Art Doc of the Week | A Study of Negro Artists

The 1936 documentary A Study of Negro Artists has the quality of an experimental film, one whose goal isn’t just to relay information, but to disrupt the ways we perceive and process. That’s not intentional, but a side-effect of watching the film in the 21st century without any aural accompaniment it may have once had. There’s no sound – no score, and (obviously) no organ playing for us, so it offers no nudging cues on what we should think or feel. (By 1930 the silent movie era was over.)

August Savage; courtesy the artist’s estate.

The lack of audio accompaniment forces the viewer to more deeply engage the images: A dapper painter working at his easel on the riverfront in Harlem gives way to a series of close-ups on various hands (turning a car steering wheel; pushing a sewing needle through cloth; sweeping up trash; typing on an old-school typewriter), illustrating the point that these artists – like most artists through history – supported themselves and their art by working tedious, unglamorous jobs. The silence has a meditative effect, adding a reverential air to the commonplace jobs, elevating them in a way. But before the viewer can drift into romanticizing menial labor, a title card cuts in stating: “The leisure thus gained leaves him [the artist] free to work again for fame and self-expression.”

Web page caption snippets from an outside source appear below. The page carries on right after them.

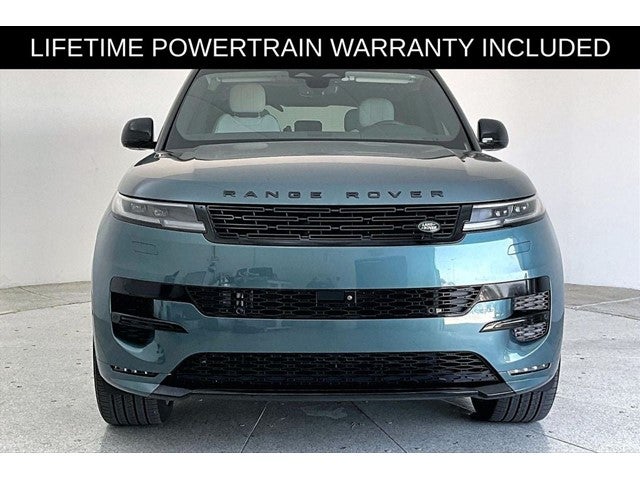2025 Land Rover Range Rover Sport Plug-in Hybrid Dynamic SE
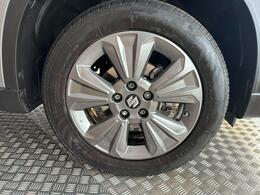 Suzuki Vitara KS22ANU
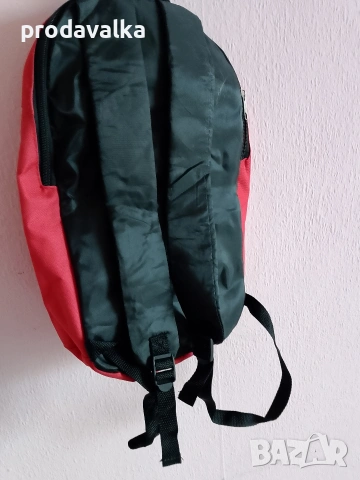 Раница Кауфланд , снимка 2 - Раници - 53247387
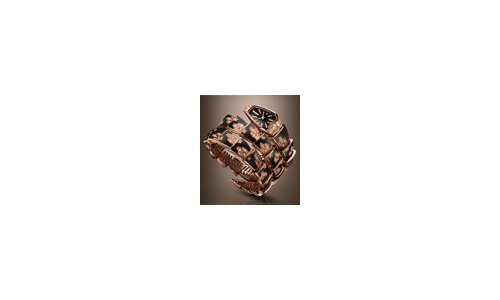 El nuevo Serpenti de Bulgari
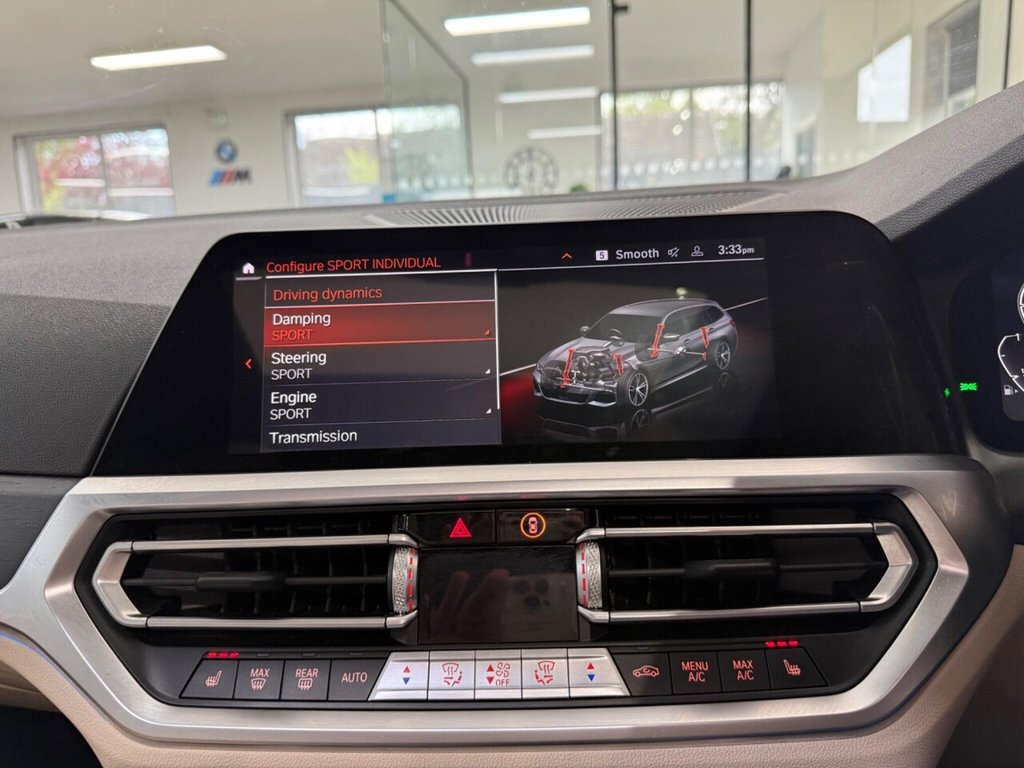 Used BMW 3 Series 2021 for sale - 78181377: Photo 21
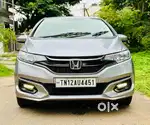 Honda Jazz V Automatic, 2022, Petrol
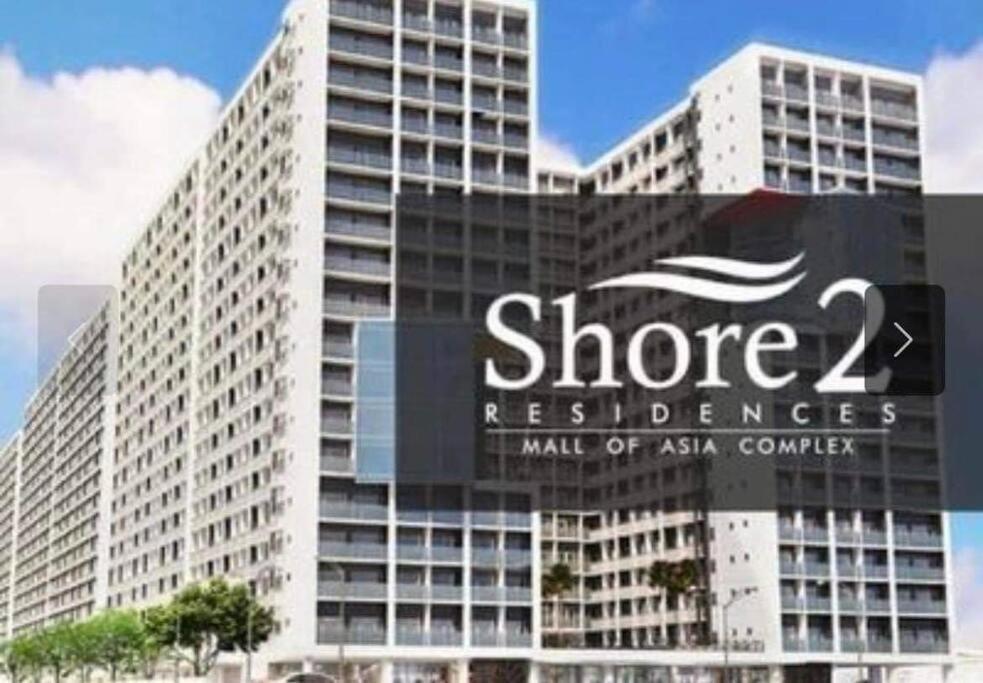 Jovis Place Staycation Near Moa * Manila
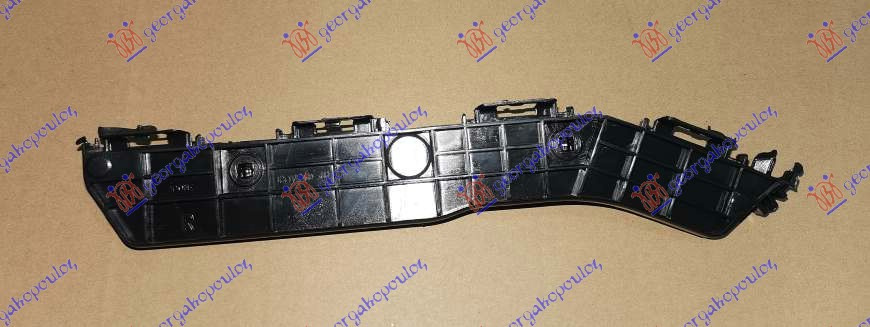Suport Absorbant Soc Bara Spate - Lexus Rx 350/450 2009 , 52575-48040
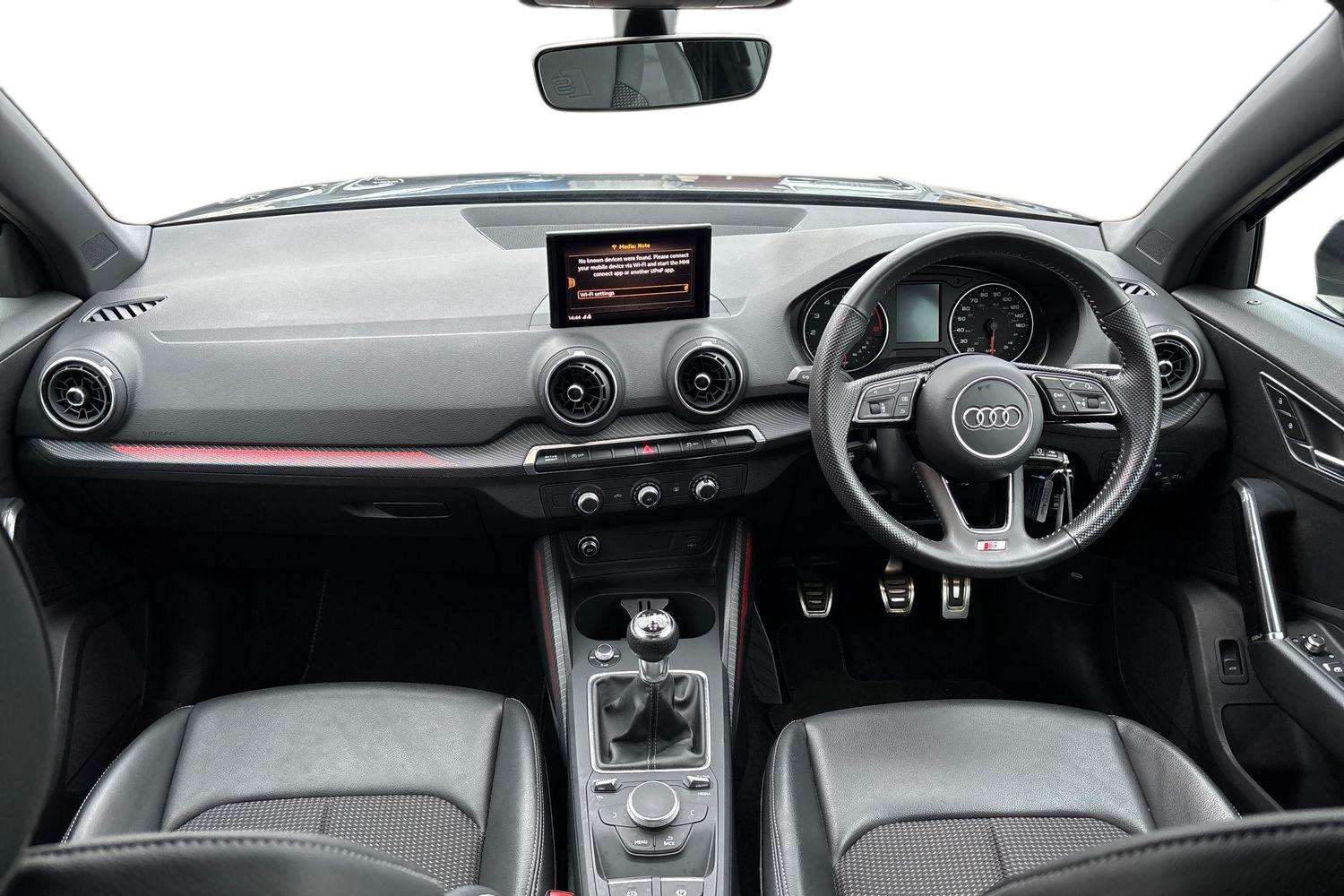 Used Audi Q2 2020 for sale - 76705187: Photo 19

From there we see a montage of important Harlem Renaissance artists heeding their calling: sculptor Richmond Barthé; painter Aaron Douglas; sculptor Augusta Savage, and more. The film drifts back into hypnotic mode, but because we’ve been made privy to what it takes and costs the artists to create, there’s a soft tension at play throughout – underscored by the absence of sound, forcing us to stay sharp and stay focused. We’re pulled into the process of making art, bearing witness to the “magic” of creativity and the ordinary behind-the-scenes grind of making magic appear.

Top photo of Richmond Barthé courtesy the artist’s estate.